[SIGCIS-Members] What algorithms are and are not
thomas.haigh at gmail.com
thomas.haigh at gmail.com
Sat Oct 30 07:15:46 PDT 2021
Thanks Ramesh,
I am with you 100% on the training data point. The hype, at least, is that a
handful of learning algorithms can handle a very wide range of applications.
One term used in machine learning is "model free" which captures in an
extreme for the idea that there is a standard process that works across many
domains by automatically generalizing from training data.
But to answer the question: an algorithm that will not always generate the
same output when fed a given input is still an algorithm. There is a simple
term for this: a "nondeterministic algorithm." i.e. the output is not
determined by the input.

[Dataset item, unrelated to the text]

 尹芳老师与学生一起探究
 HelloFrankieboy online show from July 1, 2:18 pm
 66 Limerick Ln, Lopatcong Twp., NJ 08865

The term has been around since 1967 and was
introduced by Robert Floyd. See
https://en.wikipedia.org/wiki/Nondeterministic_algorithm.
Best wishes,
Tom
From: Subramanian, Ramesh Prof. <Ramesh.Subramanian at quinnipiac.edu>
Sent: Saturday, October 30, 2021 9:03 AM
To: thomas.haigh at gmail.com; 'sigcis' <members at sigcis.org>
Subject: Re: [SIGCIS-Members] What algorithms are and are not
Tom,
Thanks for that detailed comment on algorithms - what they are, and what
they are not, and conversely, what can be considered an algorithm, and what
cannot. Your explanations were very useful.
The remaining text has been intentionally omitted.